No haré el resto del camino ya que quiero llegar hasta el castillo y desconozco aquel camino, por tanto no sé cuanto me costará aquel tramo. Ya con mi foto en el teléfono retrocedo, giro a la izquierda y cruzo el puente sobre el río. Arriba a la derecha hacia Bugarra por la carretera. En menos de un Km. dejaré la carretera para tomar un camino a la izquierda que me adentra en la montaña y comienza a subir por un camino con mucha roñosa y piedra de rodeno machacada. La rampa no es ninguna tontería y aliada con las piedras hacen que el avance sea penosamente lento y complicado. Vuelvo a cerrar suspensiones para utilizar toda la fuerza de la pedalada y aquel pensamiento de “estira, empuja” no me ayuda mucho más; el terrible esfuerzo de la subida del camino de Pera ha dejado mis piernas mucho más tocadas de lo que parecía en el largo descenso desde entonces, ahora que les vuelvo a exigir un esfuerzo lo entregan a regañadientes con una absoluta falta de tono muscular. La pantalla del “Treki” me indica que el desvío al castillo es por aquí, pero la señalética que me lleve hasta allí solo la he visto en aquel cartel que lo indicaba en la carretera, desde entonces ninguna otra señal. El camino que veo está tan invadido por hierbajos que dudo si será más adelante, además confío en encontrar una señal. Vana esperanza la mía. Cuando me doy cuenta de que no habrá más caminos ya es tarde para volver atrás, y sobre todo, para volver a subir estas rampas después de la visita. Quedará para otro día. Sigo adelante por un camino que ha mejorado mucho el firme y ha suavizado tremendamente el desnivel. Sin embargo no deja de subir aunque ahora lo haga de forma suave y progresiva, pero el desgaste de las piernas es tal que hasta esta subida tendida me cuesta y me está destrozando. Me sorprendo a mi mismo pensando, muy a mi pesar, con alegría, que es la última ruta de esta semana. Tengo que estar muy mal para pensar esto, y casi antes de terminar el pensamiento me siento culpable, como un traidor a la causa.

A mi izquierda un valle deja ver, al otro lado, el alto de la Serratilla que esconde celosamente su V.G. y no es accesible por camino para bicicletas. Veo la abandonada línea de tensión que subía hasta el alto de la bandera y cruza toda esta muela. Los postes quedan ahí como esqueletos de dinosaurios del pasado. Al poco comienza a descender el camino. No es un descenso largo y prolongado pero me permite descansar las piernas.

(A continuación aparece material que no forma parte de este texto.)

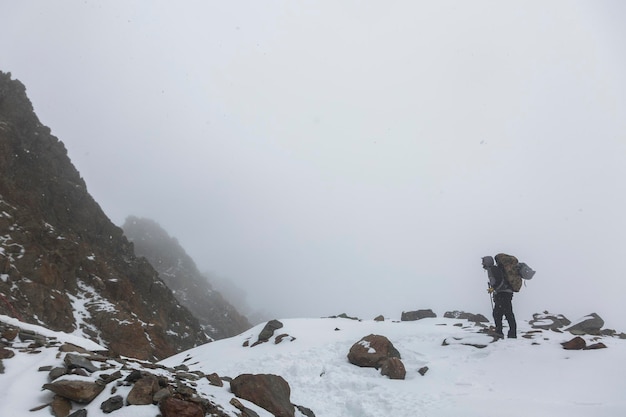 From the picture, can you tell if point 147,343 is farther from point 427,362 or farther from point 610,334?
point 610,334

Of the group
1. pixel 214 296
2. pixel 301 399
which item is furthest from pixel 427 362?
pixel 214 296

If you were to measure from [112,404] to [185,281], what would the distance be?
89.2 m

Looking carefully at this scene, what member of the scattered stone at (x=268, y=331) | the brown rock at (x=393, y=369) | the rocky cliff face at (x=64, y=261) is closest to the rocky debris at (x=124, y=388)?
the brown rock at (x=393, y=369)

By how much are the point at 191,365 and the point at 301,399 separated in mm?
7086

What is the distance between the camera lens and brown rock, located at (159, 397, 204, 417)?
6086 millimetres

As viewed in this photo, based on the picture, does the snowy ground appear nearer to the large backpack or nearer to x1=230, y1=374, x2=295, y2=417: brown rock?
x1=230, y1=374, x2=295, y2=417: brown rock

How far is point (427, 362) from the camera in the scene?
1334 centimetres

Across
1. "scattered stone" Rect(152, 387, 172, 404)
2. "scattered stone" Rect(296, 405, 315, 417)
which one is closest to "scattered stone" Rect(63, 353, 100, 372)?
"scattered stone" Rect(152, 387, 172, 404)

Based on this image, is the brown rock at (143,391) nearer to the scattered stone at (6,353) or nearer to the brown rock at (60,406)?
the brown rock at (60,406)

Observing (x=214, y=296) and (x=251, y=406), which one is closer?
(x=251, y=406)

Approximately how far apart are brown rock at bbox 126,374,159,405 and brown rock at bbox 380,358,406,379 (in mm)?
8337

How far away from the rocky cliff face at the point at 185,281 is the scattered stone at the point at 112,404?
2732 inches

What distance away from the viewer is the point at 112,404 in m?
6.04

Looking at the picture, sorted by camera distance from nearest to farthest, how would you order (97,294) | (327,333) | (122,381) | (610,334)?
(122,381) < (610,334) < (327,333) < (97,294) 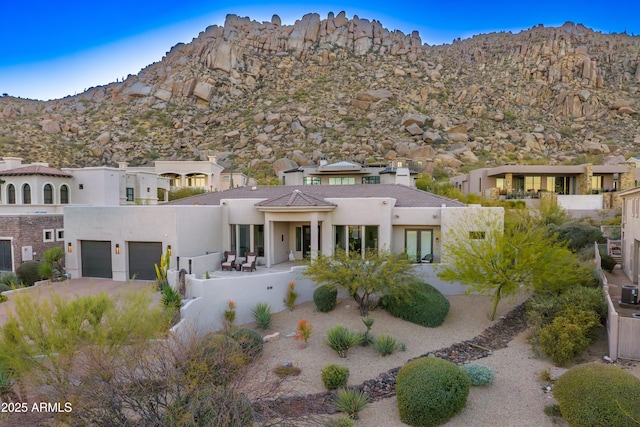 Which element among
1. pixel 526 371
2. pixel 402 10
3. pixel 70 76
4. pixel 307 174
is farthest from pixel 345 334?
pixel 402 10

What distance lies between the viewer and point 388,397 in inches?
461

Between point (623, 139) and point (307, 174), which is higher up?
point (623, 139)

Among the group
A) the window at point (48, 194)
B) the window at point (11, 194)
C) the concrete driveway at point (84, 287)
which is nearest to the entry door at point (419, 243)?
the concrete driveway at point (84, 287)

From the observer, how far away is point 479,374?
1197cm

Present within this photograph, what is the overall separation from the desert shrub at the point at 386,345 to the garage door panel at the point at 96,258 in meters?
15.6

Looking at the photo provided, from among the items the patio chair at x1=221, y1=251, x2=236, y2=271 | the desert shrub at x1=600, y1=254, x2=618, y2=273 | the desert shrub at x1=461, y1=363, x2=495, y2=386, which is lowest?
the desert shrub at x1=461, y1=363, x2=495, y2=386

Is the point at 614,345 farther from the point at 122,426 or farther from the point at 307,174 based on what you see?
the point at 307,174

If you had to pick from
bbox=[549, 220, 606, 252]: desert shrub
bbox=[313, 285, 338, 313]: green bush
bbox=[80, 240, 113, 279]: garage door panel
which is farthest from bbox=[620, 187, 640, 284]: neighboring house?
bbox=[80, 240, 113, 279]: garage door panel

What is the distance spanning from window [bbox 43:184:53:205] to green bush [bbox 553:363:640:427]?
36.5 meters

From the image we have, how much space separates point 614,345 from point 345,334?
28.4 feet

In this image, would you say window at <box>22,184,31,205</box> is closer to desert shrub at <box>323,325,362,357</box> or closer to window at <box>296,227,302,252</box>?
window at <box>296,227,302,252</box>

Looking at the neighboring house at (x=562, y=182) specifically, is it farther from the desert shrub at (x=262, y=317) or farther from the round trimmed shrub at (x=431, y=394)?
the round trimmed shrub at (x=431, y=394)

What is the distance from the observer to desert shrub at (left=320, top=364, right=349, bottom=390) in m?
11.9

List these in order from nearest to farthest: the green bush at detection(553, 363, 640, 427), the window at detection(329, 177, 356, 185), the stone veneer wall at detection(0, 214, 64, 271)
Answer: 1. the green bush at detection(553, 363, 640, 427)
2. the stone veneer wall at detection(0, 214, 64, 271)
3. the window at detection(329, 177, 356, 185) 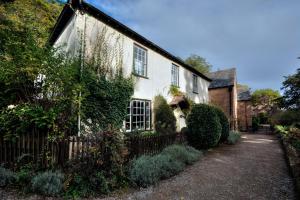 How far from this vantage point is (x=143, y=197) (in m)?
5.01

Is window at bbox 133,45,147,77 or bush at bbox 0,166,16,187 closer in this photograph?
bush at bbox 0,166,16,187

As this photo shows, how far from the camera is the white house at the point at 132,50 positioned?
902 centimetres

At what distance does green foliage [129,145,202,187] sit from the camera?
5.76 m

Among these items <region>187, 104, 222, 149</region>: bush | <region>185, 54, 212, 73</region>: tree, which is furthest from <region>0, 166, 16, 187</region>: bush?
<region>185, 54, 212, 73</region>: tree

Además el calor no ha cesado en todo el día y llevo una sudada considerable. Voy siguiendo las indicaciones en pantalla que me hacen serpentear por la ya cara norte de la sierra y me hacen ir alejándome poco a poco de ella en busca de la bajada hacia fuente Pelma.
Varios campos se están acondicionando como campos de cultivo tras haber sido arrebatados al monte y solo las grandes máquinas con tracción de oruga están pudiendo vencer al terreno a favor del capricho del hombre. Llego a la bajada. Esta no es muy larga y además tiene bastante curveo. Pero con todo me hace disfrutar de unos momentos de buena velocidad y conducción atenta para anticipar soluciones a posibles imprevistos. Rápidamente llego a la zona de recreo de fuente Pelma.
Es una gran zona de pinada con muchos bancos y mesas de madera, e incluso una zona techada para cobijarse del sol o de una tormenta. Recorro un poco la zona ya que tengo tiempo y disfruto de este paraje con la tranquilidad que da el estar solo. Después me pongo en marcha hacia Chulilla para cruzar por la Ermita y encarar los últimos metros de esta ruta tomando unas fotos del imponente castillo dominando el pueblo de casas en racimo apiñadas a sus pies.
Solo queda cargar la bici en el coche ir para casa a disfrutar del último trámite de cada ruta, una cerveza fresquita y la ducha caliente.